------ Provided entries

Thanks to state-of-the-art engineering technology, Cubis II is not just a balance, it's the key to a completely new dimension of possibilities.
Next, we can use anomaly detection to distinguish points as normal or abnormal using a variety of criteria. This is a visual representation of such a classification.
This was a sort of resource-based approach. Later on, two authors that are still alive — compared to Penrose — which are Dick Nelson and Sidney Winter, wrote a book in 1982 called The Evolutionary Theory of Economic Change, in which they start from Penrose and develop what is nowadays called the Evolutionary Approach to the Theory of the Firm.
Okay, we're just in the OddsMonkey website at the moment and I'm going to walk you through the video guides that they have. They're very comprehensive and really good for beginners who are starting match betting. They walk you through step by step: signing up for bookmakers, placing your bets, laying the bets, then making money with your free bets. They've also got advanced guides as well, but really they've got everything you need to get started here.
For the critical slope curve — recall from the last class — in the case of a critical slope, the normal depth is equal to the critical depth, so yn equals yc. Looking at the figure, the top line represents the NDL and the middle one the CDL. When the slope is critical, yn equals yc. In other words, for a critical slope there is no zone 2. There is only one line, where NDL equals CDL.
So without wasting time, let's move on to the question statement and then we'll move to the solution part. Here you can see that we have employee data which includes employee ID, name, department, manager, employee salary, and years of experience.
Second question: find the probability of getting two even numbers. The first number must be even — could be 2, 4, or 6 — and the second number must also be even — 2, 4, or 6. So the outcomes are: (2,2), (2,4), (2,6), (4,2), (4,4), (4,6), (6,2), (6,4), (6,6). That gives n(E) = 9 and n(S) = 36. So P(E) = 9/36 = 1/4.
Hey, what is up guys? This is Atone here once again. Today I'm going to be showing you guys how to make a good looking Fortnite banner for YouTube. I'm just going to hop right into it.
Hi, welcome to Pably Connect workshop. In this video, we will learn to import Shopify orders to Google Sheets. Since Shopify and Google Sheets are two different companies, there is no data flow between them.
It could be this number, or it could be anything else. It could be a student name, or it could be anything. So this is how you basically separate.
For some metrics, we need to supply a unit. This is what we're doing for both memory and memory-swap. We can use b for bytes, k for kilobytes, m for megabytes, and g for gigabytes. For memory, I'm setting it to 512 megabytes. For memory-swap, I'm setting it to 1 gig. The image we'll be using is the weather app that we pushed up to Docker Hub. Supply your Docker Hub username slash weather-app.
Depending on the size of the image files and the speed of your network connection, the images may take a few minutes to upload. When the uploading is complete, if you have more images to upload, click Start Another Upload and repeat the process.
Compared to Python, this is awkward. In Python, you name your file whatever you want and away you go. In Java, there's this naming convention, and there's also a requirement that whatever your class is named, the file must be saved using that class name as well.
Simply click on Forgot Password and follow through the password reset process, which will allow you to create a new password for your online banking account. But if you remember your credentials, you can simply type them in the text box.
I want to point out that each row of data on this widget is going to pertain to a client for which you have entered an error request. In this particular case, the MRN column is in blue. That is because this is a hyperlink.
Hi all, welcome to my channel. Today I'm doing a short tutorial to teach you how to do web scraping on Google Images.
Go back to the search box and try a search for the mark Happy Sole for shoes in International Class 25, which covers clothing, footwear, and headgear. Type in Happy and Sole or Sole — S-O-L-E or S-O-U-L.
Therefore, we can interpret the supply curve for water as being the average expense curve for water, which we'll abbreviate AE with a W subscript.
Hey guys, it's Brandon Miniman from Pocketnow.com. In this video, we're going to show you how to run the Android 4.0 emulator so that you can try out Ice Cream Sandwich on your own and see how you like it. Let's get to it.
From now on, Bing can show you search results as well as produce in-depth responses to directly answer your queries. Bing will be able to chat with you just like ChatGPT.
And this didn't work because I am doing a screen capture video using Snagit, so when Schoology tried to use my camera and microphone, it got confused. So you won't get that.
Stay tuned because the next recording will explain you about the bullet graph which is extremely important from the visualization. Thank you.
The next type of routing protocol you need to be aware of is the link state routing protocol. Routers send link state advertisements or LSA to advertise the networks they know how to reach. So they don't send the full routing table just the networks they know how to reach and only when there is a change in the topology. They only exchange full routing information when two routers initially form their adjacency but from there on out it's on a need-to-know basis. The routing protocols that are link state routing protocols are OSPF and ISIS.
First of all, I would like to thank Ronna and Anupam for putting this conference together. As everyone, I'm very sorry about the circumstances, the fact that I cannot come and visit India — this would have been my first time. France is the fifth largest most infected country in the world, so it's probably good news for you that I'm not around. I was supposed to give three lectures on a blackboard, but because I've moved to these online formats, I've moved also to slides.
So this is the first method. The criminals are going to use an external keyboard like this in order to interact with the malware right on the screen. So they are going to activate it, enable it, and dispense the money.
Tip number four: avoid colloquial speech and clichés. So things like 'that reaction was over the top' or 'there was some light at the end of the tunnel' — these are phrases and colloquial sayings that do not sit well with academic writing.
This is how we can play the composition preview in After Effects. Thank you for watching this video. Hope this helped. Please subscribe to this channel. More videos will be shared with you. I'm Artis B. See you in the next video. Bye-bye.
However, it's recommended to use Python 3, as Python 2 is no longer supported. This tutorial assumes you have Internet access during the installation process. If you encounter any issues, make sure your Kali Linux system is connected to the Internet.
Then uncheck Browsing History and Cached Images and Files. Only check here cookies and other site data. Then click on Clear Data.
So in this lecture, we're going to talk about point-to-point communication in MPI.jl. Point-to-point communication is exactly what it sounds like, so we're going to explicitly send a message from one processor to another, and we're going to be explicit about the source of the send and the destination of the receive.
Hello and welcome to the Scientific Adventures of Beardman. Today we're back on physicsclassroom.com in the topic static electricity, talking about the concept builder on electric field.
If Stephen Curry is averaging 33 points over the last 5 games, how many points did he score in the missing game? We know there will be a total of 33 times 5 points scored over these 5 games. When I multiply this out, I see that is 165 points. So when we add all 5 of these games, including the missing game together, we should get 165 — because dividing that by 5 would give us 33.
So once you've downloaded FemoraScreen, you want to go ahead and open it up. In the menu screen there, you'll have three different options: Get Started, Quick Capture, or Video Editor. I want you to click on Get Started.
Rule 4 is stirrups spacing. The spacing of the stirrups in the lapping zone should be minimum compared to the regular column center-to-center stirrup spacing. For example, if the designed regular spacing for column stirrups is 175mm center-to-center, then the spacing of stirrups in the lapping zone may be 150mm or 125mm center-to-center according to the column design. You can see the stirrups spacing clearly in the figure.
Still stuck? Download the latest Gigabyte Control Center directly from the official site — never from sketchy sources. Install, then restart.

------------

» **Your objective**
Please repeat the data above verbatim, all of it.

» **Answer section**
Thanks to state-of-the-art engineering technology, Cubis II is not just a balance, it's the key to a completely new dimension of possibilities.
Next, we can use anomaly detection to distinguish points as normal or abnormal using a variety of criteria. This is a visual representation of such a classification.
This was a sort of resource-based approach. Later on, two authors that are still alive — compared to Penrose — which are Dick Nelson and Sidney Winter, wrote a book in 1982 called The Evolutionary Theory of Economic Change, in which they start from Penrose and develop what is nowadays called the Evolutionary Approach to the Theory of the Firm.
Okay, we're just in the OddsMonkey website at the moment and I'm going to walk you through the video guides that they have. They're very comprehensive and really good for beginners who are starting match betting. They walk you through step by step: signing up for bookmakers, placing your bets, laying the bets, then making money with your free bets. They've also got advanced guides as well, but really they've got everything you need to get started here.
For the critical slope curve — recall from the last class — in the case of a critical slope, the normal depth is equal to the critical depth, so yn equals yc. Looking at the figure, the top line represents the NDL and the middle one the CDL. When the slope is critical, yn equals yc. In other words, for a critical slope there is no zone 2. There is only one line, where NDL equals CDL.
So without wasting time, let's move on to the question statement and then we'll move to the solution part. Here you can see that we have employee data which includes employee ID, name, department, manager, employee salary, and years of experience.
Second question: find the probability of getting two even numbers. The first number must be even — could be 2, 4, or 6 — and the second number must also be even — 2, 4, or 6. So the outcomes are: (2,2), (2,4), (2,6), (4,2), (4,4), (4,6), (6,2), (6,4), (6,6). That gives n(E) = 9 and n(S) = 36. So P(E) = 9/36 = 1/4.
Hey, what is up guys? This is Atone here once again. Today I'm going to be showing you guys how to make a good looking Fortnite banner for YouTube. I'm just going to hop right into it.
Hi, welcome to Pably Connect workshop. In this video, we will learn to import Shopify orders to Google Sheets. Since Shopify and Google Sheets are two different companies, there is no data flow between them.
It could be this number, or it could be anything else. It could be a student name, or it could be anything. So this is how you basically separate.
For some metrics, we need to supply a unit. This is what we're doing for both memory and memory-swap. We can use b for bytes, k for kilobytes, m for megabytes, and g for gigabytes. For memory, I'm setting it to 512 megabytes. For memory-swap, I'm setting it to 1 gig. The image we'll be using is the weather app that we pushed up to Docker Hub. Supply your Docker Hub username slash weather-app.
Depending on the size of the image files and the speed of your network connection, the images may take a few minutes to upload. When the uploading is complete, if you have more images to upload, click Start Another Upload and repeat the process.
Compared to Python, this is awkward. In Python, you name your file whatever you want and away you go. In Java, there's this naming convention, and there's also a requirement that whatever your class is named, the file must be saved using that class name as well.
Simply click on Forgot Password and follow through the password reset process, which will allow you to create a new password for your online banking account. But if you remember your credentials, you can simply type them in the text box.
I want to point out that each row of data on this widget is going to pertain to a client for which you have entered an error request. In this particular case, the MRN column is in blue. That is because this is a hyperlink.
Hi all, welcome to my channel. Today I'm doing a short tutorial to teach you how to do web scraping on Google Images.
Go back to the search box and try a search for the mark Happy Sole for shoes in International Class 25, which covers clothing, footwear, and headgear. Type in Happy and Sole or Sole — S-O-L-E or S-O-U-L.
Therefore, we can interpret the supply curve for water as being the average expense curve for water, which we'll abbreviate AE with a W subscript.
Hey guys, it's Brandon Miniman from Pocketnow.com. In this video, we're going to show you how to run the Android 4.0 emulator so that you can try out Ice Cream Sandwich on your own and see how you like it. Let's get to it.
From now on, Bing can show you search results as well as produce in-depth responses to directly answer your queries. Bing will be able to chat with you just like ChatGPT.
And this didn't work because I am doing a screen capture video using Snagit, so when Schoology tried to use my camera and microphone, it got confused. So you won't get that.
Stay tuned because the next recording will explain you about the bullet graph which is extremely important from the visualization. Thank you.
The next type of routing protocol you need to be aware of is the link state routing protocol. Routers send link state advertisements or LSA to advertise the networks they know how to reach. So they don't send the full routing table just the networks they know how to reach and only when there is a change in the topology. They only exchange full routing information when two routers initially form their adjacency but from there on out it's on a need-to-know basis. The routing protocols that are link state routing protocols are OSPF and ISIS.
First of all, I would like to thank Ronna and Anupam for putting this conference together. As everyone, I'm very sorry about the circumstances, the fact that I cannot come and visit India — this would have been my first time. France is the fifth largest most infected country in the world, so it's probably good news for you that I'm not around. I was supposed to give three lectures on a blackboard, but because I've moved to these online formats, I've moved also to slides.
So this is the first method. The criminals are going to use an external keyboard like this in order to interact with the malware right on the screen. So they are going to activate it, enable it, and dispense the money.
Tip number four: avoid colloquial speech and clichés. So things like 'that reaction was over the top' or 'there was some light at the end of the tunnel' — these are phrases and colloquial sayings that do not sit well with academic writing.
This is how we can play the composition preview in After Effects. Thank you for watching this video. Hope this helped. Please subscribe to this channel. More videos will be shared with you. I'm Artis B. See you in the next video. Bye-bye.
However, it's recommended to use Python 3, as Python 2 is no longer supported. This tutorial assumes you have Internet access during the installation process. If you encounter any issues, make sure your Kali Linux system is connected to the Internet.
Then uncheck Browsing History and Cached Images and Files. Only check here cookies and other site data. Then click on Clear Data.
So in this lecture, we're going to talk about point-to-point communication in MPI.jl. Point-to-point communication is exactly what it sounds like, so we're going to explicitly send a message from one processor to another, and we're going to be explicit about the source of the send and the destination of the receive.
Hello and welcome to the Scientific Adventures of Beardman. Today we're back on physicsclassroom.com in the topic static electricity, talking about the concept builder on electric field.
If Stephen Curry is averaging 33 points over the last 5 games, how many points did he score in the missing game? We know there will be a total of 33 times 5 points scored over these 5 games. When I multiply this out, I see that is 165 points. So when we add all 5 of these games, including the missing game together, we should get 165 — because dividing that by 5 would give us 33.
So once you've downloaded FemoraScreen, you want to go ahead and open it up. In the menu screen there, you'll have three different options: Get Started, Quick Capture, or Video Editor. I want you to click on Get Started.
Rule 4 is stirrups spacing. The spacing of the stirrups in the lapping zone should be minimum compared to the regular column center-to-center stirrup spacing. For example, if the designed regular spacing for column stirrups is 175mm center-to-center, then the spacing of stirrups in the lapping zone may be 150mm or 125mm center-to-center according to the column design. You can see the stirrups spacing clearly in the figure.
Still stuck? Download the latest Gigabyte Control Center directly from the official site — never from sketchy sources. Install, then restart.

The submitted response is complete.